**TASK DESCRIPTION:** Below are some records. Print exactly the lines between the one holding "Small Handmade Crowned" and the one holding "Traumatisme de la", inclusive, and nothing else.

**RECORDS SHOWN:**
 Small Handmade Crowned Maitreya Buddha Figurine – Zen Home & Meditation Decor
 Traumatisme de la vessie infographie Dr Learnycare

--

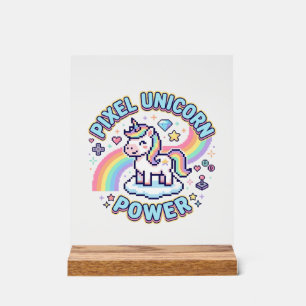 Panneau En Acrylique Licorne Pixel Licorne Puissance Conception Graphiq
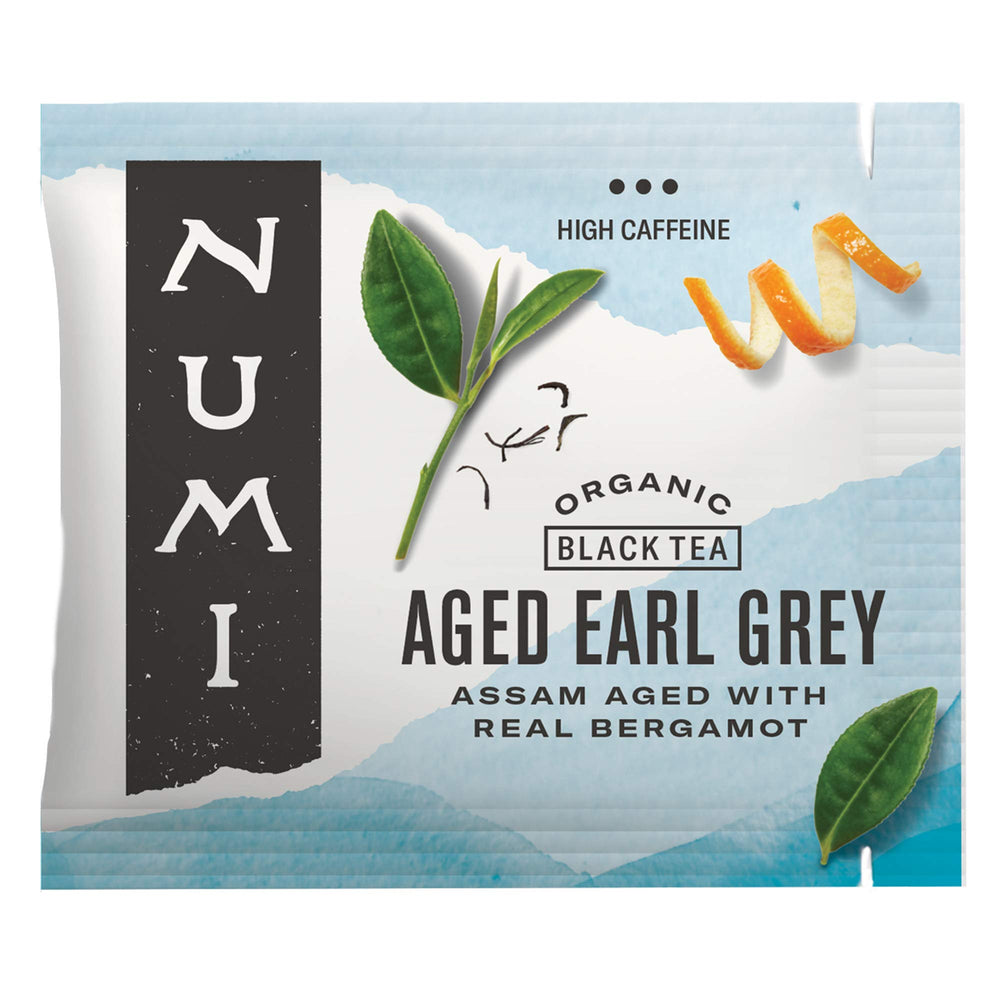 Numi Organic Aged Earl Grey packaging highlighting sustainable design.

**SOLUTION TO THE EXERCISE:**
 Small Handmade Crowned Maitreya Buddha Figurine – Zen Home & Meditation Decor
 Traumatisme de la vessie infographie Dr Learnycare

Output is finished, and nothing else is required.